4. Prepare the growing medium: Lightweight expanded clay aggregates (LECA) are the most commonly used growing media. They are incredibly porous and will wick water from the reservoir in the bottom upwards to the roots. Even better, they are inexpensive to purchase and can be reused. Before potting your succulent, clean excess clay dust from the pellets. Rinse the pebbles in a colander with clean water until you no longer see orange-ish particles coming off of them. Soak the LECA in fresh water for 30 minutes or more, and then rinse them one final time.  Put these LECA pellets into the container until the container is filled roughly to the three-quarters mark.

5. Plant Re-Potting: For many, this is the most challenging step in the process. Carefully remove your plant from its container, making sure not to break off or damage any roots. Using your fingers, gently remove as much of the potting soil as possible. When you have removed the majority of the growing medium, rinse it lightly under running water to remove any remaining soil. Place your plant in the container and add more add LECA around the roots until the container is full. Periodically shake the pot, so the pellets settle, filling any gaps.

6. Cut a hole in the container’s lid: Lastly, using a pair of scissors or box cutter, cut a slit and a hole in the lid to place the lid on the pot around your plant. This allows for a higher humidity level within the container and prevents the water from evaporating quickly.


Caring for Your Plant: Now that your setup is complete, watering becomes much simpler. Depending upon the ambient heat and humidity in your home, you will water your succulent every 1 to 2 weeks.

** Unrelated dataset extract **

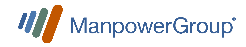 Manpower Group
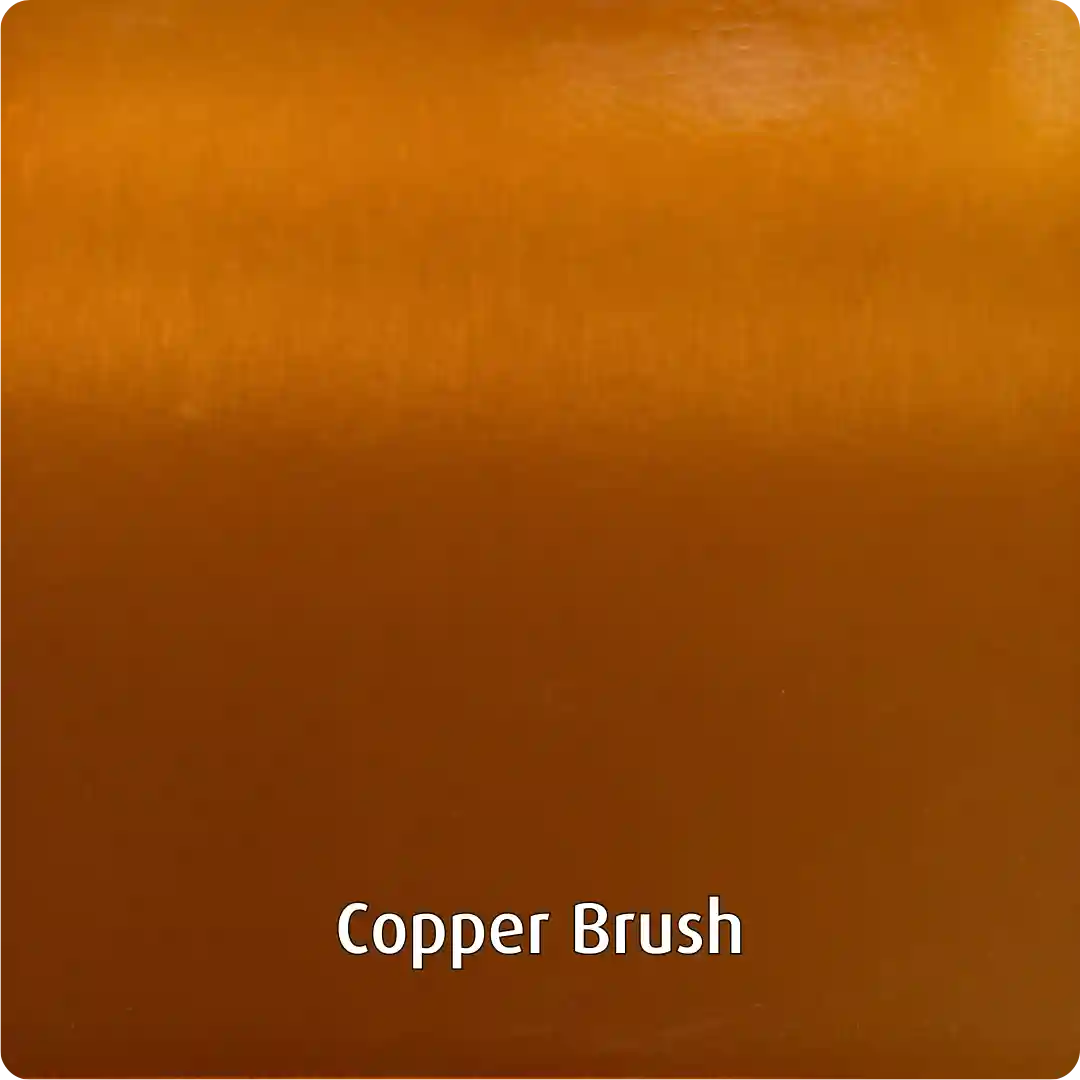 Images for SS Electro IH Finishes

1 .When the container is dry, set it in the sink or bathtub and quickly fill the container using a fertilizer solution diluted to one-quarter to one-half the recommended strength until it reaches the top. This saturates the medium throughout. The excess fertilizer solution seeps down to the drain holes, leaving only a small amount at the bottom as a reservoir.

2. Every four weeks, flush the LECA pellets with clean water to rinse out any accumulated salts before adding the fertilizer solution.

3. Once the excess solution has drained out, set your arrangement near a window that provides adequate lighting, or put it outside if the climate is conducive. If it rains, the excess will drain out the drainage holes, and it won’t change the concentration of the fertilizer solution enough to cause concern.

Give It Time!! Following the initial transplanting into the LECA, your succulent will grow slowly as it adapts to the new environment. Don’t worry, as this is entirely normal! In about a month or so, you will begin to see new roots develop, and your plant’s growth will take off if it’s receiving the appropriate amount of light.